START PROVIDED RECORDS

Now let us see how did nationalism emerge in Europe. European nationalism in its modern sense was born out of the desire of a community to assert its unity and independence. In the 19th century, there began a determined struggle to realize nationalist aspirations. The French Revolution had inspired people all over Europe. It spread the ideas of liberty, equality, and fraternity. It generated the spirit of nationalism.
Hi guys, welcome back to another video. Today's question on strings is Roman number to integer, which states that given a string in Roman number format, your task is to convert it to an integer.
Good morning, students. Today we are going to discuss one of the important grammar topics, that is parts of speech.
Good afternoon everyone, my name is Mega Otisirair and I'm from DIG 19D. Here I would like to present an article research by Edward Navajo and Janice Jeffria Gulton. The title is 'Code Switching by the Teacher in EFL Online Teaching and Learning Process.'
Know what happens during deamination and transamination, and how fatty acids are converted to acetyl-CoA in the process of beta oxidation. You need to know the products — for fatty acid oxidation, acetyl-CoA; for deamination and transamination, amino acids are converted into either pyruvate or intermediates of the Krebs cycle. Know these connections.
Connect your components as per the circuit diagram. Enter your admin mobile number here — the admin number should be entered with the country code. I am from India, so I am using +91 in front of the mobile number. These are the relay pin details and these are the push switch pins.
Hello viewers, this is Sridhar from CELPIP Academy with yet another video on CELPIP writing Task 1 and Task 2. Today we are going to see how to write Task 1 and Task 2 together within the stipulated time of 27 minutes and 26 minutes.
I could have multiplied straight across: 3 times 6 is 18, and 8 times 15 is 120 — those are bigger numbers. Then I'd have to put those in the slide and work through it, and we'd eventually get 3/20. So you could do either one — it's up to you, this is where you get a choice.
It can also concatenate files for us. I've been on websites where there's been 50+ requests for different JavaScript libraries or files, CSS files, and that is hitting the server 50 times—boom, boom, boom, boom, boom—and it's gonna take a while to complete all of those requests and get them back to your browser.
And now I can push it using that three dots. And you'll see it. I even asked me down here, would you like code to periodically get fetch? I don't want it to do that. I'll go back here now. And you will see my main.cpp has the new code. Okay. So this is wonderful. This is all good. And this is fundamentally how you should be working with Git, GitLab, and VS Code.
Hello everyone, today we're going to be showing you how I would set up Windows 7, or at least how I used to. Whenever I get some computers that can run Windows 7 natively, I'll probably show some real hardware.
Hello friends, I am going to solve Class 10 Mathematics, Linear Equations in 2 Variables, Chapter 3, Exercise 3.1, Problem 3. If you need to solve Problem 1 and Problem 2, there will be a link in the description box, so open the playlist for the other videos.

END PROVIDED RECORDS

THE PROBLEM:
None of the records may be left out; each is to be restated exactly.

SOLVED PROBLEM:
Now let us see how did nationalism emerge in Europe. European nationalism in its modern sense was born out of the desire of a community to assert its unity and independence. In the 19th century, there began a determined struggle to realize nationalist aspirations. The French Revolution had inspired people all over Europe. It spread the ideas of liberty, equality, and fraternity. It generated the spirit of nationalism.
Hi guys, welcome back to another video. Today's question on strings is Roman number to integer, which states that given a string in Roman number format, your task is to convert it to an integer.
Good morning, students. Today we are going to discuss one of the important grammar topics, that is parts of speech.
Good afternoon everyone, my name is Mega Otisirair and I'm from DIG 19D. Here I would like to present an article research by Edward Navajo and Janice Jeffria Gulton. The title is 'Code Switching by the Teacher in EFL Online Teaching and Learning Process.'
Know what happens during deamination and transamination, and how fatty acids are converted to acetyl-CoA in the process of beta oxidation. You need to know the products — for fatty acid oxidation, acetyl-CoA; for deamination and transamination, amino acids are converted into either pyruvate or intermediates of the Krebs cycle. Know these connections.
Connect your components as per the circuit diagram. Enter your admin mobile number here — the admin number should be entered with the country code. I am from India, so I am using +91 in front of the mobile number. These are the relay pin details and these are the push switch pins.
Hello viewers, this is Sridhar from CELPIP Academy with yet another video on CELPIP writing Task 1 and Task 2. Today we are going to see how to write Task 1 and Task 2 together within the stipulated time of 27 minutes and 26 minutes.
I could have multiplied straight across: 3 times 6 is 18, and 8 times 15 is 120 — those are bigger numbers. Then I'd have to put those in the slide and work through it, and we'd eventually get 3/20. So you could do either one — it's up to you, this is where you get a choice.
It can also concatenate files for us. I've been on websites where there's been 50+ requests for different JavaScript libraries or files, CSS files, and that is hitting the server 50 times—boom, boom, boom, boom, boom—and it's gonna take a while to complete all of those requests and get them back to your browser.
And now I can push it using that three dots. And you'll see it. I even asked me down here, would you like code to periodically get fetch? I don't want it to do that. I'll go back here now. And you will see my main.cpp has the new code. Okay. So this is wonderful. This is all good. And this is fundamentally how you should be working with Git, GitLab, and VS Code.
Hello everyone, today we're going to be showing you how I would set up Windows 7, or at least how I used to. Whenever I get some computers that can run Windows 7 natively, I'll probably show some real hardware.
Hello friends, I am going to solve Class 10 Mathematics, Linear Equations in 2 Variables, Chapter 3, Exercise 3.1, Problem 3. If you need to solve Problem 1 and Problem 2, there will be a link in the description box, so open the playlist for the other videos.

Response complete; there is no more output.